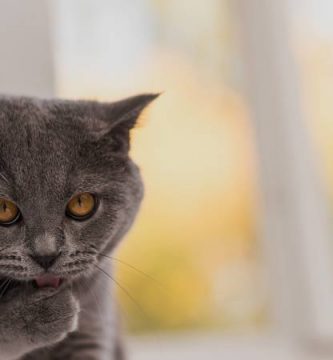 Guía de compra de rascadores para gatos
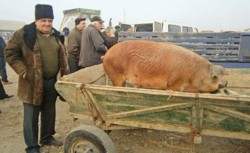 Judetul Salaj: 4 targuri de tara in noiembrie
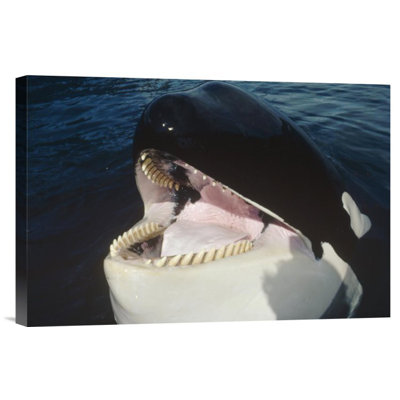 " Orca Portrait, North America "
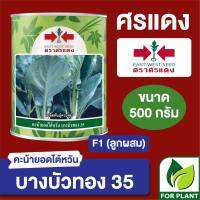 เมล็ดพันธุ์ ศรแดง คะน้า บางบัวทอง กระป๋อง ขนาด 500 กรัม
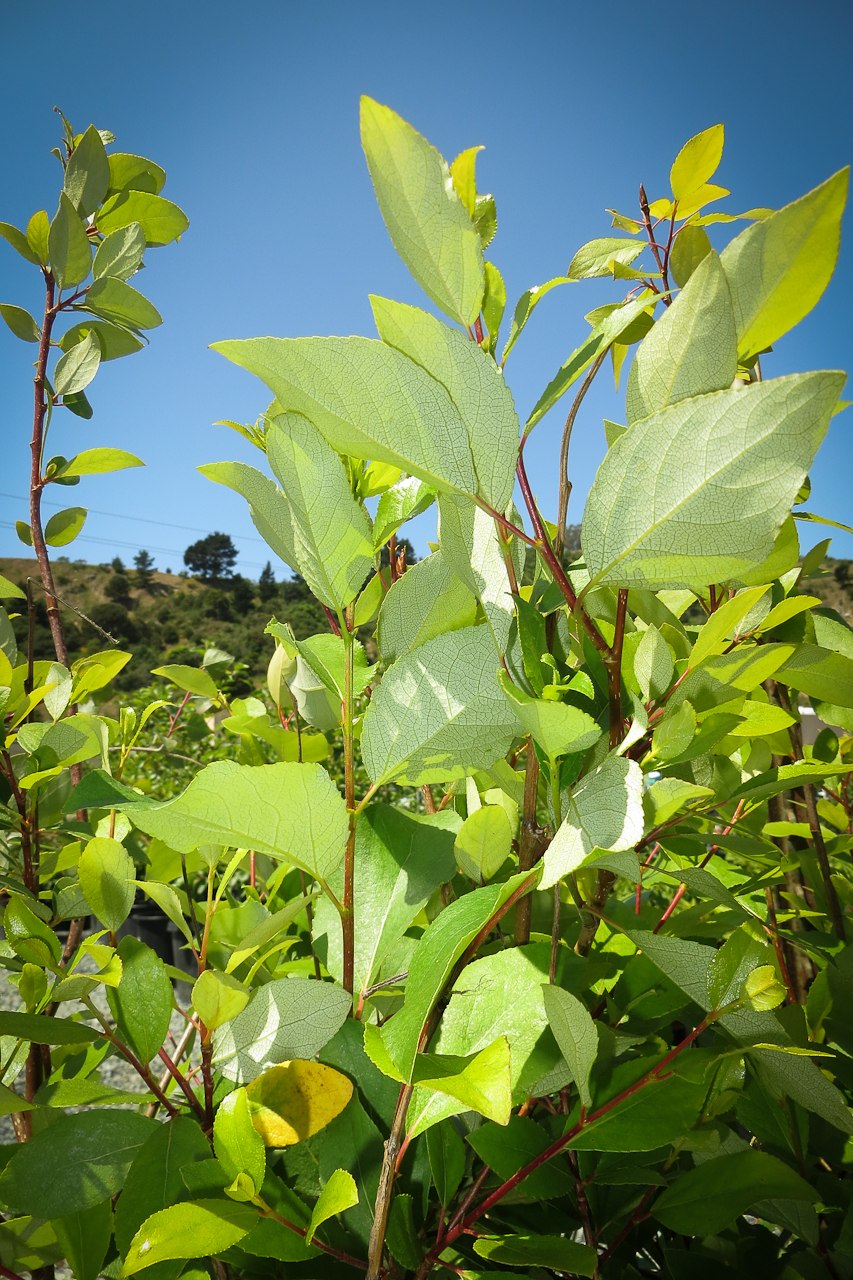 Тополь Болле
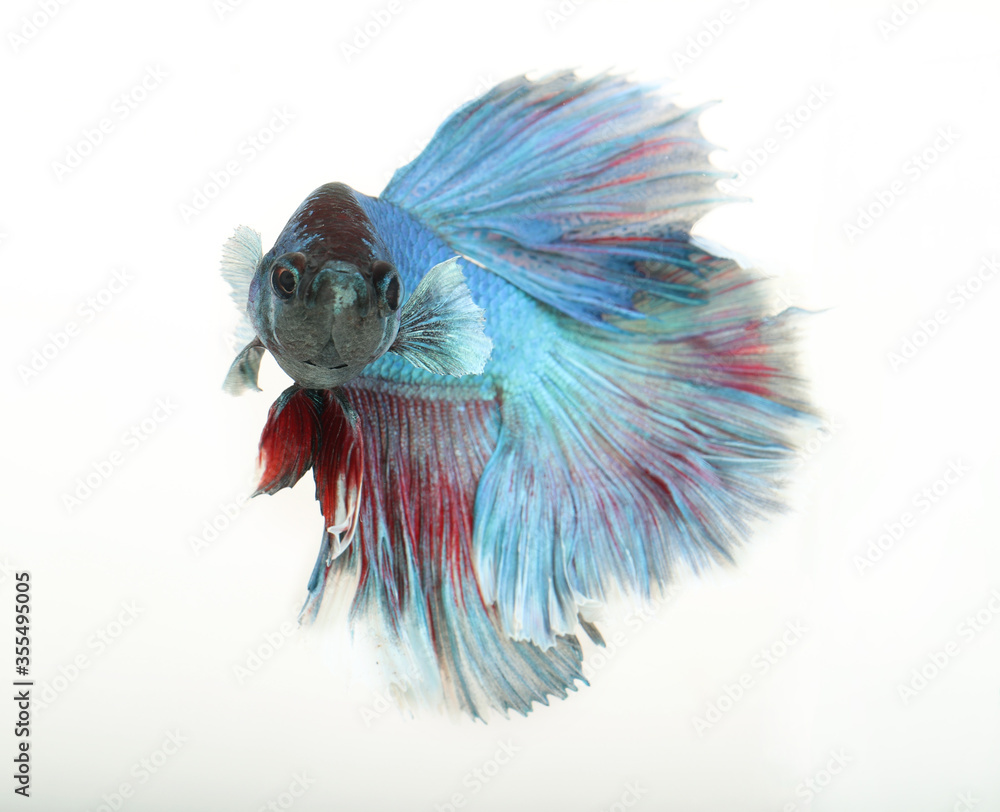 Obraz premium blue betta on white background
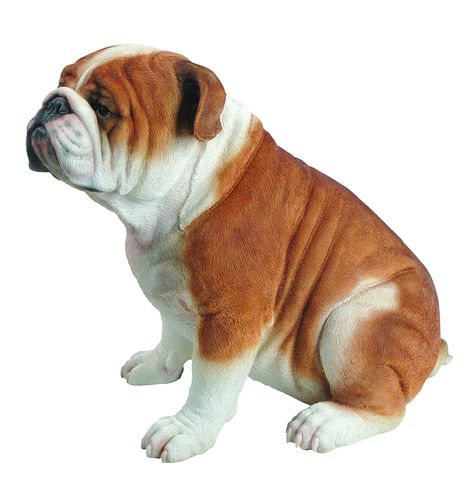 Vivid Arts Large Bulldog Resin Ornament -- Visit the image link for more details. #GardenDecor Bulldog Sculpture, Beautiful Sculptures, Bulldog Statue, Bulldog Breeds, Tortoise Shell Cat, Border Terrier, Clay Animals, American Kennel Club, Cat Ornament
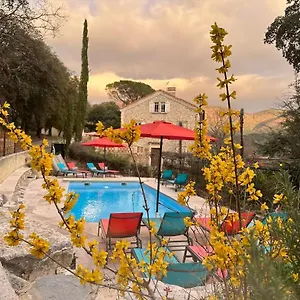  Bed & Breakfast La Viste - Spa-jacuzzi - Massage- Sauna - 4 Saisons - Piscine Chauffee Toute L'annee - Heated Pool - 800m Centre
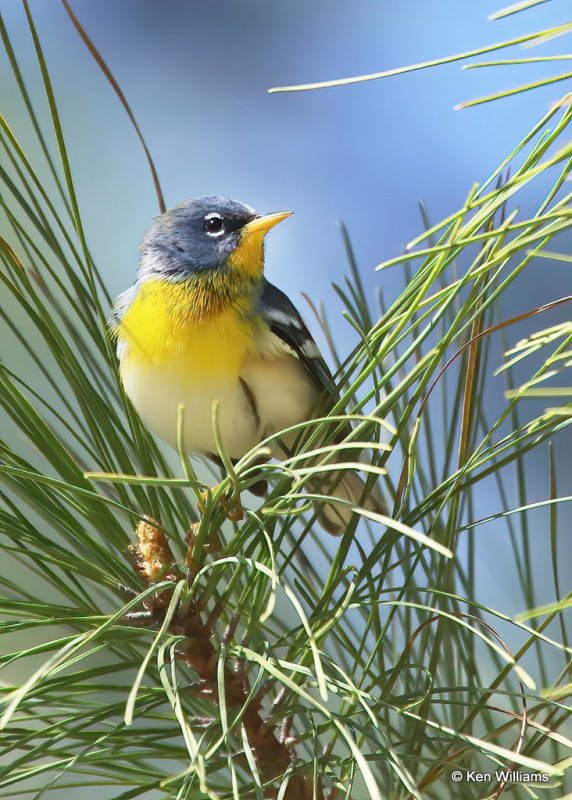 Northern Parula, Sequoyah SP, OK, 4-5-14, Js_09714.jpg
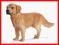 Schleich Golden Retriever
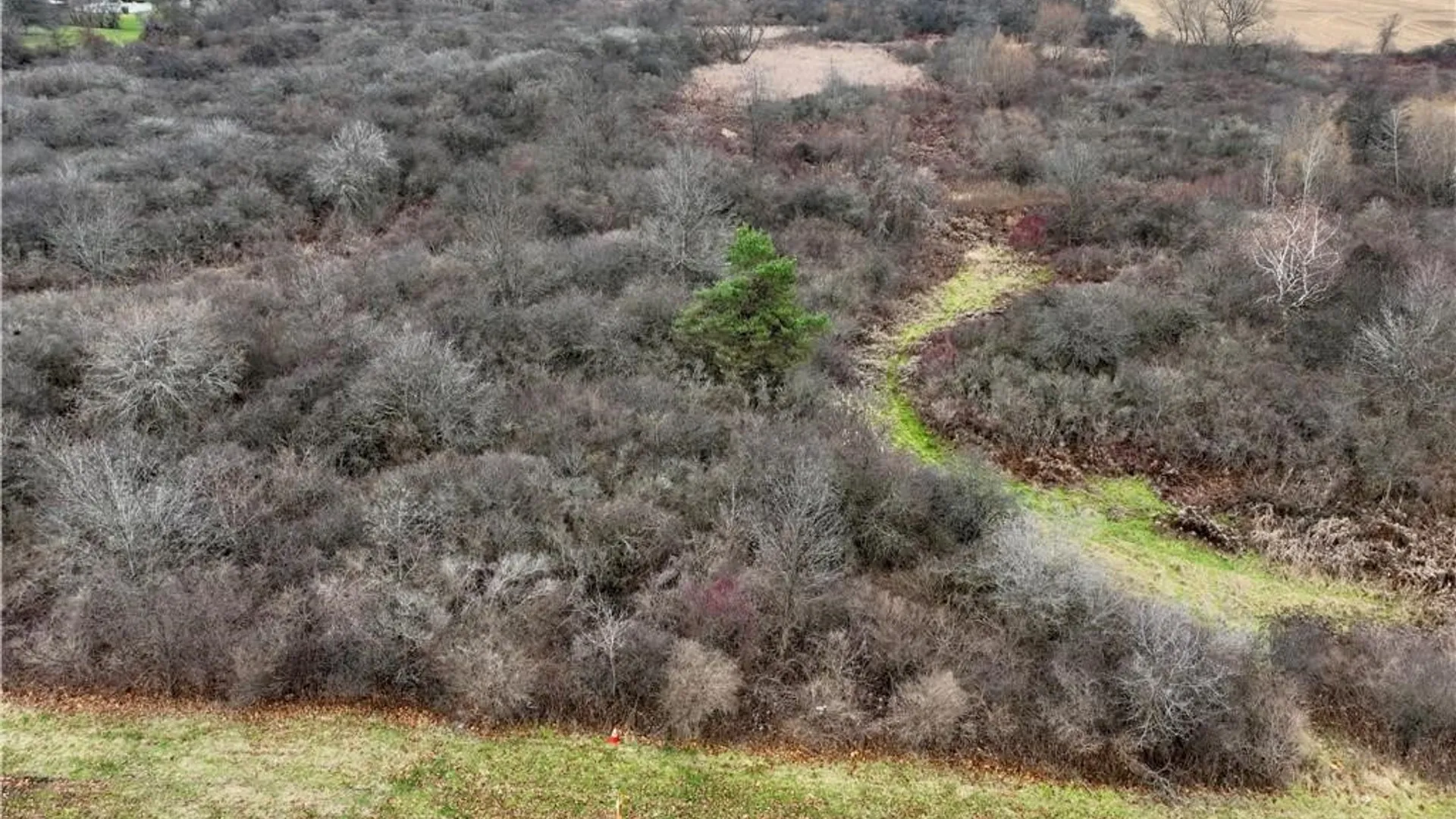 Property at 0 Brace Road - 12.9 Acres, Victor, NY 14564 3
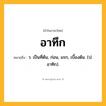 อาทึก ความหมาย หมายถึงอะไร?, คำในภาษาไทย อาทึก หมายถึง ว. เป็นที่ต้น, ก่อน, แรก, เบื้องต้น. (ป. อาทิก).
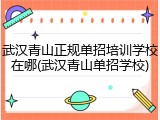 武汉青山正规单招培训学校在哪(武汉青山单招学校)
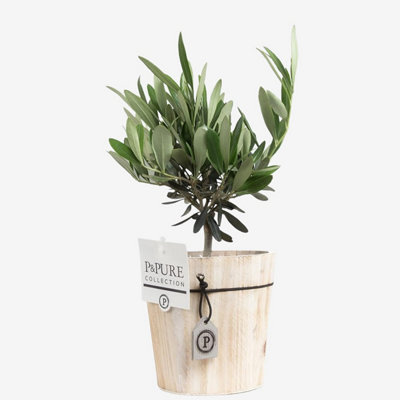 Mini Olive Tree With Pot, Houseplant Real Indoor Plant for Office, Home, Bedroom, Kitchen and Living Room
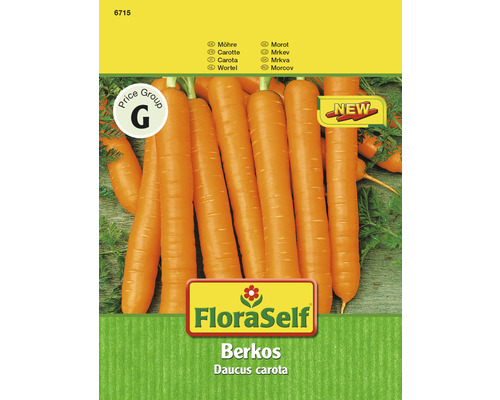 Semințe de morcovi FloraSelf Berkos F1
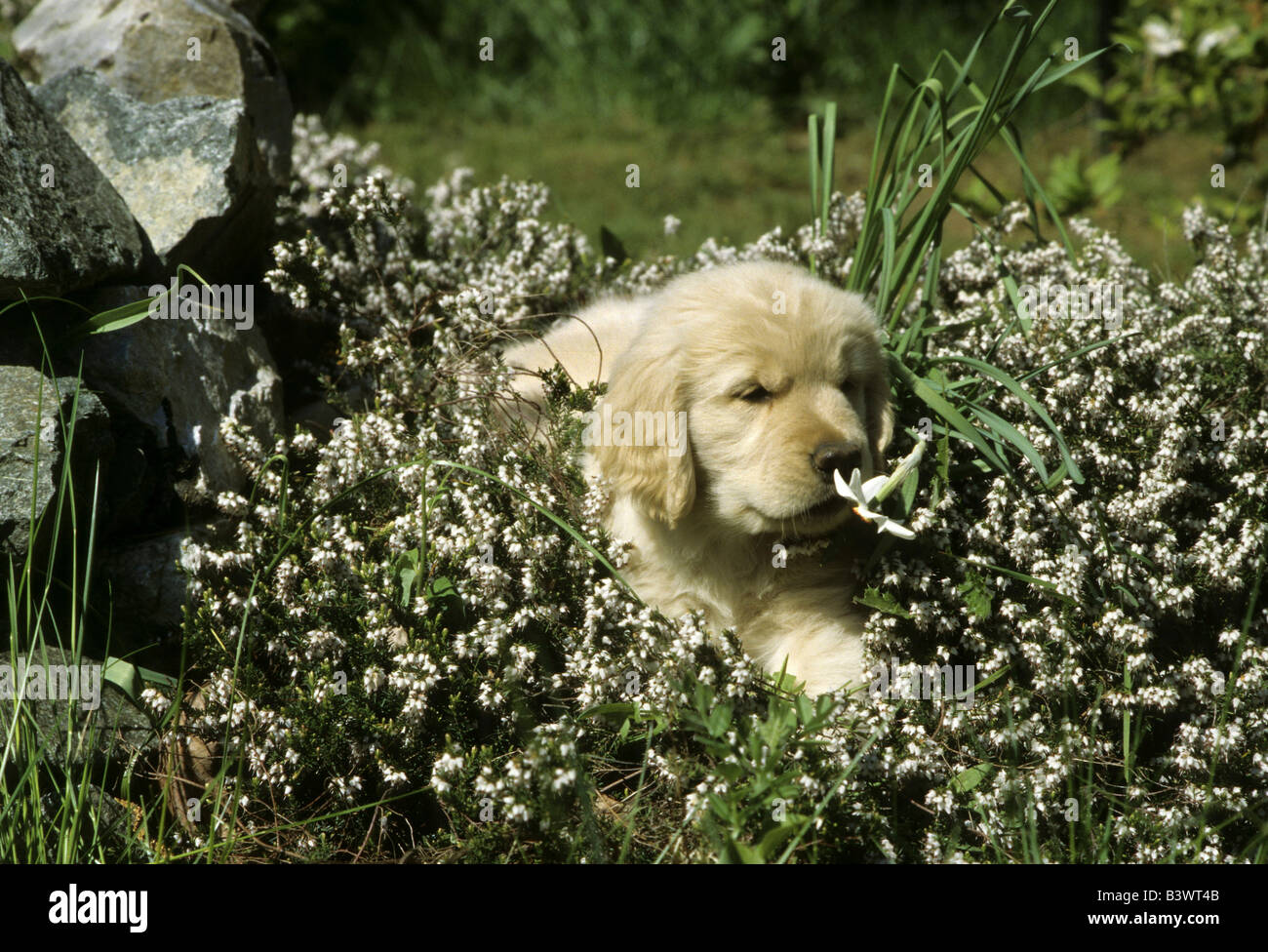 Golden Retriever puppy in flowers Stock Photo - Alamy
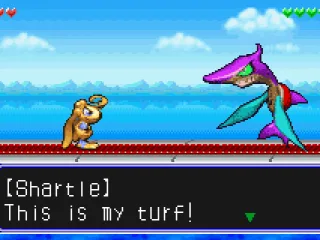 Shark, bossing around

WHAT THE TASK ASKS:
What do the entries above read from the line containing "Orca Portrait, North" through the line containing "Obraz premium blue betta on white background"? Output those lines exactly, both ends included, with the pictures left out.

RESPONSE TO THE TASK:
 " Orca Portrait, North America "
 เมล็ดพันธุ์ ศรแดง คะน้า บางบัวทอง กระป๋อง ขนาด 500 กรัม
 Тополь Болле
 Obraz premium blue betta on white background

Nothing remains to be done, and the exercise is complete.